Kolumne: Hereinspaziert!

Kolumne Melanie MeierKreativität

Willkommen in meinem Kopf!

Kreativität ist angeblich ansteckend.
Aber nur wenige wissen, dass sie auch anstrengend ist.
(Wolfgang J. Reus)

Eigentlich sollte heute ein anderer Beitrag von mir erscheinen, in dem ich mich mit dem Thema ›Kunst und Wahnsinn‹ beschäftige. Allerdings hat sich im Laufe der Auseinandersetzung mit diesen beiden Größen herausgestellt, dass ich zuvor ein anderes Kapitel behandeln muss, einfach um euch den Begriff ›Kunst‹ nicht undefiniert vor die Füße zu werfen. Das wäre leichtsinnig^^. Darum will ich erst einmal den Versuch wagen, die Kunst respektive die Kreativität in ein möglichst passendes Kostüm zu packen, ehe ich euch im nächsten Beitrag mit dem Wahnsinn komme.
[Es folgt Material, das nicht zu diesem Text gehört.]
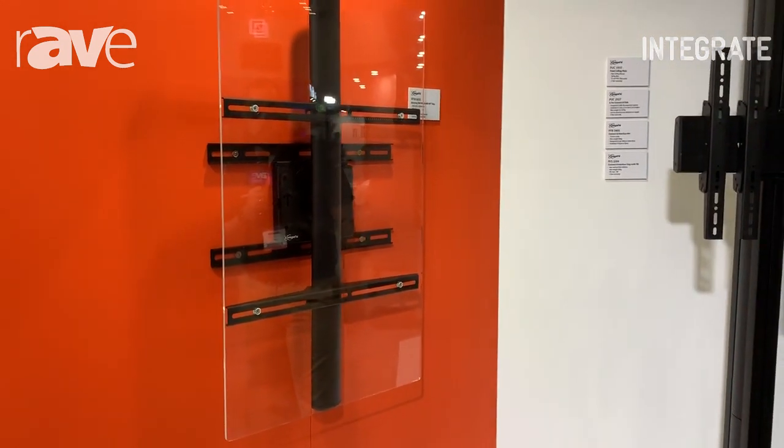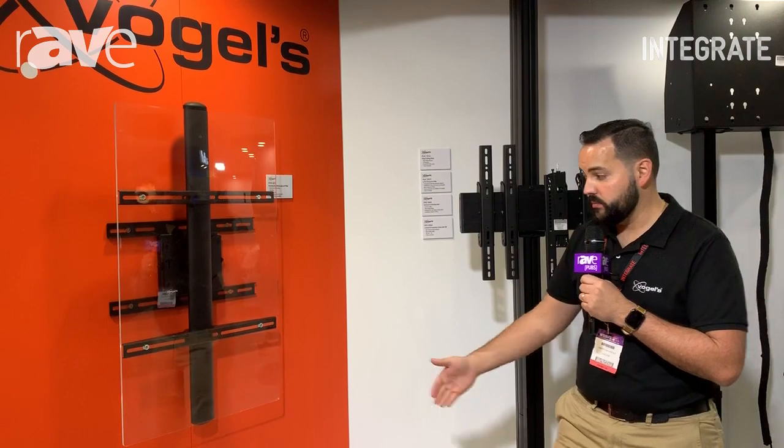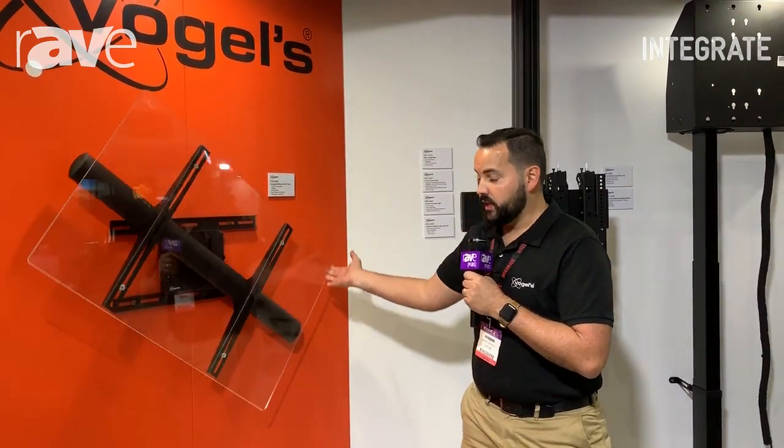It's a neat little product capable of holding up to a 65 inch screen or 72 kilograms. It's only 95mm off the wall, so ultra slim, and available now through Canome at www.canoome.com.au.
Die Kunst ist um eine Definition verlegen. Dieses Wort hat kaum noch Bedeutung, weil es für allerlei herangezogen wird (es ist auch eine Kunst, wenn man anhand irgendwelcher Maxime durchs Leben geht); fast genauso steht es um die Kreativität, wobei ihr wenigstens noch im weitesten Sinn die Beschränkung auf jenen Prozess zukommt, auf den es mir ankommt: auf den Schöpfungsprozess. Und darum mache ich Nägel mit Köpfen und widme mich allein der Kreativität.

Was ist Kreativität?

Ist es kreativ, wenn ich ein Bild abmale? Wenn ich Socken stricke? Ein Muster in die Butter zeichne? Eine Symphonie komponiere? Ein Physiker bin und eine neue, revolutionäre Theorie erarbeite? Aus den Haaren meiner Katze einen Teppichvorleger knüpfe (oh doch, das geht! – bei dem Haarausfall …!^^)? Wenn ich als Informatiker ein neues Programm entwickle? Oder meine Einbauküche mit Klebefolie überziehe?

Der Begriff ›Kreativität‹ stammt vom lateinischen ›creare‹, was ›erschaffen‹ bedeutet. In der Sprachwissenschaft heißt es, es sei die ›Fähigkeit, von endlichen sprachlichen Mitteln einen unendlichen Gebrauch zu machen‹ (Quelle: Wiktionary.org).

Persönlich bevorzuge ich die Definition, die ich in der Psychologie gefunden habe: Kreativität ist, wenn etwas Originelles innerhalb eines Prozesses entsteht (frei aus dem Kopf zitiert). Dabei liegt der Schwerpunkt auf der Originalität, die somit für sich beansprucht, dass dieses Etwas zuvor nicht existierte.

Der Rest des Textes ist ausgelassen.